(Crawled caption data)
= Beginning of Section =

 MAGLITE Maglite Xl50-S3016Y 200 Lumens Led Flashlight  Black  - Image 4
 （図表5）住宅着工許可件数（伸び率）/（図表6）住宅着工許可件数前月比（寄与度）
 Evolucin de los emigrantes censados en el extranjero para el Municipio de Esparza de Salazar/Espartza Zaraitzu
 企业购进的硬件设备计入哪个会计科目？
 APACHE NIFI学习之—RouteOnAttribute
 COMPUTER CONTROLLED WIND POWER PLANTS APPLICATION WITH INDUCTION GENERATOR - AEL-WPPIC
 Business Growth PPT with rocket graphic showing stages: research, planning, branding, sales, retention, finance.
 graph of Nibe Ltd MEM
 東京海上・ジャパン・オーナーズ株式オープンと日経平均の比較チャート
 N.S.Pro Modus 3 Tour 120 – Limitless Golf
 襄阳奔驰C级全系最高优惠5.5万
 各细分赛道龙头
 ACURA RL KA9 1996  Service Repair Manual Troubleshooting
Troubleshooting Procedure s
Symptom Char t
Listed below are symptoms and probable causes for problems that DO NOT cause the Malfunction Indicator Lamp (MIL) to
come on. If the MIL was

= End of Section =

**EXERCISE DESCRIPTION:** Work out how many lines in the records contain the word "Troubleshooting", and give that number by itself.

**TASK SOLUTION:** 2